The Finite Automata Intersection reduction started with an arbitrary machine M and an input string w, and made a bunch of finite automata Fi such that M accepts w if and only if there was at least one string in the language of each F1 (i.e., the intersection of the languages of the machines is non-empty). We’ll label state j of machine i qij.  Because they are FA’s, each machine i has one start state (qistart ), and they were built to have one final state (qifinal).

Create a set A which will be the set of the states of all machines, plus three extra elements: o1, o2, and o3.  Every symbol in the common alphabet of the machines a gets a function fa:

  • fa(qjj ) = The state we go to from qij on input a.  Note that this will be some qik for some k (some state on the same machine).
  • fa(o1) = o3
  • fa(o2) = o2
  • fa(o3) = o3

It’s worth mentioning that since the machines are DFAs, there is a well-defined transition from each state on each input symbol, so these are functions that provide a single value for each domain element.  Also notice that we can compose these functions to build fw for some string w: fw(q) = the state we end up in starting in state q on the string w.  This means that a machine i accepts a string w iff fw(qistart ) = qifinal.

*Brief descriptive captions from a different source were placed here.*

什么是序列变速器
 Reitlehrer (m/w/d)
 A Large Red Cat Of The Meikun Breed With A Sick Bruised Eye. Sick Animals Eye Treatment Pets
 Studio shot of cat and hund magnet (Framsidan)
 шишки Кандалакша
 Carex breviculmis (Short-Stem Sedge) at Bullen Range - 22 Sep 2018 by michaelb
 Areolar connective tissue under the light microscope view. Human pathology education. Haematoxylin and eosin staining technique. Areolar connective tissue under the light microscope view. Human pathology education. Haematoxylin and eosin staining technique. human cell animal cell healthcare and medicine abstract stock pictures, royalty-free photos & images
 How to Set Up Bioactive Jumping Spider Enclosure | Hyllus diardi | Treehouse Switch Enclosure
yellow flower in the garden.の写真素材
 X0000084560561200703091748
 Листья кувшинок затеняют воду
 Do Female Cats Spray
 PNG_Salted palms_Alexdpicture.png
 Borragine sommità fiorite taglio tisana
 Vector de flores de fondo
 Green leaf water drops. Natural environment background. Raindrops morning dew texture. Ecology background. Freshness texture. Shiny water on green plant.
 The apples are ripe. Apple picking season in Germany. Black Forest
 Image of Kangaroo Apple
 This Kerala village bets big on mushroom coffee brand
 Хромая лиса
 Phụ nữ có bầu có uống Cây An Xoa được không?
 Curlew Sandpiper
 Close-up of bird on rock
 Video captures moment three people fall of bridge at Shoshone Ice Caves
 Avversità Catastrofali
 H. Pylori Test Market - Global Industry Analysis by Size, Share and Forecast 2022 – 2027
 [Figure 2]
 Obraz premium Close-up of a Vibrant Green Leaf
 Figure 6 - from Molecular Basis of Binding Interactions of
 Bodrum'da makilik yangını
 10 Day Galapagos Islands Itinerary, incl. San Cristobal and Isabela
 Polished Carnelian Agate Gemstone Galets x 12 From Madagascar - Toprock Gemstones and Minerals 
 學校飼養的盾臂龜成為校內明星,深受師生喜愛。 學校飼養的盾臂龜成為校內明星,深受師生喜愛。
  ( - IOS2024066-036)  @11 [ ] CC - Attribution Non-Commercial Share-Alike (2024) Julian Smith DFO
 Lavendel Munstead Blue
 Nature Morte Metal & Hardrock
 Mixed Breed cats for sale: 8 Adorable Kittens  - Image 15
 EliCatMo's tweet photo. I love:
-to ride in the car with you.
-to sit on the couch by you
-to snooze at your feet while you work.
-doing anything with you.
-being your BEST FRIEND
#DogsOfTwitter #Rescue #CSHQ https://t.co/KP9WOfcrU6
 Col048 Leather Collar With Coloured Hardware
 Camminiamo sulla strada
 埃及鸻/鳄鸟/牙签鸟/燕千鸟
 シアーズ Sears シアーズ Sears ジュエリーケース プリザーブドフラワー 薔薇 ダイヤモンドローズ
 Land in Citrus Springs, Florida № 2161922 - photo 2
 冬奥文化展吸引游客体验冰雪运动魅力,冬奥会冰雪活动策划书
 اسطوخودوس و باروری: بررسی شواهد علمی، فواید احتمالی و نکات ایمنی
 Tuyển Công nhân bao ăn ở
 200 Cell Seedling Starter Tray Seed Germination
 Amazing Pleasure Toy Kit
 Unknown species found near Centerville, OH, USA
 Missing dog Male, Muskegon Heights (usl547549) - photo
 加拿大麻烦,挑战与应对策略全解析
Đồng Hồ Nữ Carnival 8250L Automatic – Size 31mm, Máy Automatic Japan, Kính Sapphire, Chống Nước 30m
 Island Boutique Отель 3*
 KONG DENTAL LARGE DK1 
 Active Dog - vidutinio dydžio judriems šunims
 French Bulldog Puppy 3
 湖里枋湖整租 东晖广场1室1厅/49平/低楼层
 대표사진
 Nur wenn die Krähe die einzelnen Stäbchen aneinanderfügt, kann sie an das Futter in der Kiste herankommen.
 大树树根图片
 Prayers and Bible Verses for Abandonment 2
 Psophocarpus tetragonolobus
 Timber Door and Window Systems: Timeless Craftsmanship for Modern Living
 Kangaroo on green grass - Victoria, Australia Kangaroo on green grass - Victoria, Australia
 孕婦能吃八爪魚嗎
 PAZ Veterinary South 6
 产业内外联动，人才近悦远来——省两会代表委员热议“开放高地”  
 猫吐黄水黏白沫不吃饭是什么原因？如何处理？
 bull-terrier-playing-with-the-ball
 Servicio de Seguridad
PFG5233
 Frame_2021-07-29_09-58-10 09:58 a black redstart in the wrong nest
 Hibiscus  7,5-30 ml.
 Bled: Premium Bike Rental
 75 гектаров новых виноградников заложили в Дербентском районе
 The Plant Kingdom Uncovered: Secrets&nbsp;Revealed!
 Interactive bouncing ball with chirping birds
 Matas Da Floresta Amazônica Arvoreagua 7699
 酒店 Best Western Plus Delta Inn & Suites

We’ll add a new function “finit” to our set of functions.  finit takes elements from A:

  • f(q) returns qistart if q is any state in a machine qi
  • f(o1) = o2
  • f(o2) = o3
  • f(o3) = o3

Now we’ll build our function h:

  • h(q) returns qifinal if q is any state in a machine qi
  • h(oi) = finit(oi) for i from 1 to 3.

Suppose that there is a string w in the languages of all of our automata Fi.  This would mean that for all machines i, fw(qistart ) = qifinal.  It also means that those f functions need to map fw(o1) to o3, fw(o2) to o2, and fw(o3) to o3.  We can get this by h = fw ° finit.

In the other direction, suppose we can generate h by the composition of our f functions.  The first function in the composition has to be finit because all other functions take o1 to o3, and then all functions keep o3 at o3.  This can’t happen because h(o1) = o2.

After the first finit, we can’t have another finiit because calling finit twice would take o1 to o2 the first time, and then to o3 the second time.  All of the other fa functions keep o2 at o2.  So we know the composition has to be finit first, then some number of f1 functions forming a composed fw.

If h is given any state in a machine as input, it returns the final state of that machine.  If finit is given any state in a machine as input, it returns the start state of that machine.  For fw(finit(q)) to return qifinal, it must be the case that fw(qistart) = qifinal, for all i.  This gives us a string w that is in the language of each machine.

Difficulty: 8.  It’s interesting to see how the functions are made- that there is a function for each input symbol, instead of for each machine, which I, at least, would expect.  Also, the use of the various oi inputs is important, easy to mess up, and hard to come up with.